Изменить размер шрифта - +

 

Ночью, поев все накраденные груши, юные артисты решили больше не воровать; но назавтра забыли это решение и снова выступили в сад в том же порядке, только с назначением новых сторожей, которые, однако же, за исключением одного, оказались не исправнее прежних. Не успели воришки приняться за свое дело, как и лакомки-сторожа появились между ними – все, за исключением одного. Но и этот один был плохой и злой сторож: оставшись при своем месте, он умыслил жестокое коварство.

 

– Не успели мы, – говорил Гудовский, – приняться за работу по деревьям, как этот хитрец приложил руки трубкою к губам и крикнул:

 

«Отец Иринарх идет!»

 

Все мы, сколько нас там было, услыхав это, как пули попадали сверху на землю и… не поднимались с нее… Не поднимались потому, что к одному ужасу прибавился другой, еще больший: мы опять услыхали голос, которого уже не могли не узнать. Этот голос был тот самый, который нас вчера предупреждал насчет приближения Иринарха, но нынче он не пугал нас, а успокоивал. Слова, им произнесенные, были:

 

«Неправда, рвите себе, Иринарх еще не идет!»

 

Это был голос митрополита Филарета, которого дети узнали и, приподняв из травы свои испуганные головенки, оцепенели… И как иначе – они увидели самого его, владыку киевского и галицкого, стоявшего для них на страже у косяка своего окошечка и весело любовавшегося, как они обворовывают его сад…

 

Как же приняли эти дурно воспитанные дети такое странное и, может быть, с точки зрения всякого сухого педагога, конечно, очень неодобрительное отношение к их плохой шалости?

 

– Мы, – говорил Гудовский, – потеряли все чувства от стыда; мы все как бы окаменели и не могли двинуться, пока заменявший нам махального митрополит крикнул:

 

«Ну, теперь бегите, дурачки, – теперь Иринарх идет!»

 

Тут мы брызнули: опять по-вчерашнему взобрались на свое место, но были страшно смущены и более красть митрополичьи груши не ходили.

 

Прошел день, два, три – мы все были в страхе: не призовет ли митрополит о.
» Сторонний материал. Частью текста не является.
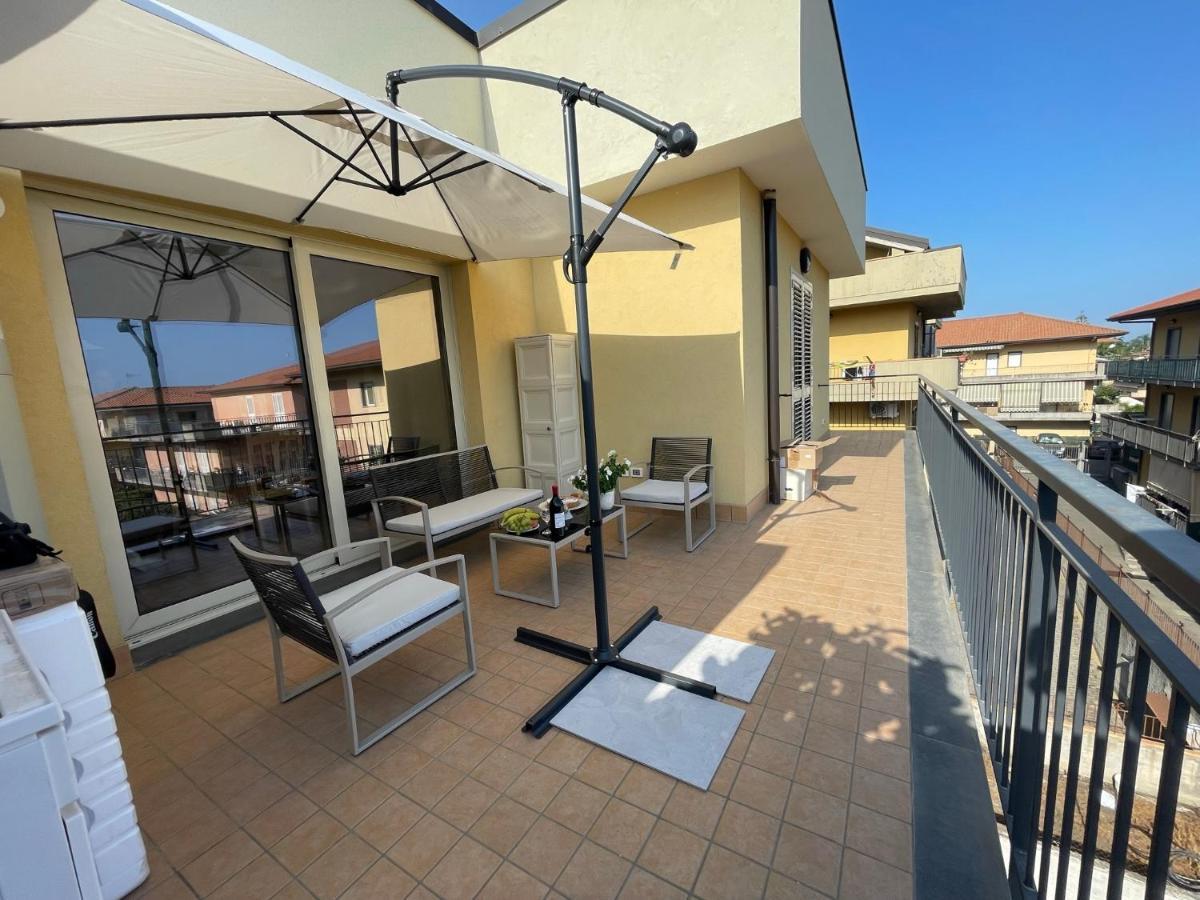 Maison De Cheeramie - Tourist Apartments Tra Mare E Etna Mascali Eksteriør billede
Иринарха и не откроет ли ему, какие мы негодяи? Но ничего подобного не было, хотя «милый дидуся», очевидно, о нас думал и, догадываясь, что мы беспокоимся, захотел нас обрадовать.

 

На четвертый день после происшествия вдруг нам принесли целое корыто разных плодов и большую деревянную чашу меду и сказали, что это нам владыка прислал.

 

«По какому же это случаю?» – допытывались мы, радостно и робко принимая щедрый подарок. Но случая никакого не было, кроме того, о котором мы одни знали и крепко о нем помалчивали.

 

Посланный сообщил только, что владыка просто сказал:

 

«Сошлите живописцам-мальчишкам медку и всяких яблочек… Дурачки ведь они, им хочется… Пусть поточат».

 

– Мы эти его груши и сливы, – честное слово говорю, – со слезами ели и потом, как он первый раз после этого служил, окружили его и не только его руки, а и ряску-то его расцеловали, пока нас дьякона по затылкам не растолкали.

 

Так он их наказал, и, прибавлю, наказание его было столь памятно, что лет через пятнадцать после этого, когда мы с Гудовским жили в доме, выходившем на Софийскую улицу, этот, тогда уже пожилой, художник, бывало, ни разу не пропустит мимо митрополичьей кареты, чтобы не крикнуть вслед с детскою радостью:

 

– Здоров будь, милый дидуню!

 

И более того: этот человек здорового и острого ума, вращавшийся в свое время в различных кружках Петербурга, не сохранил всей веры, в которой был наставлен своею церковью.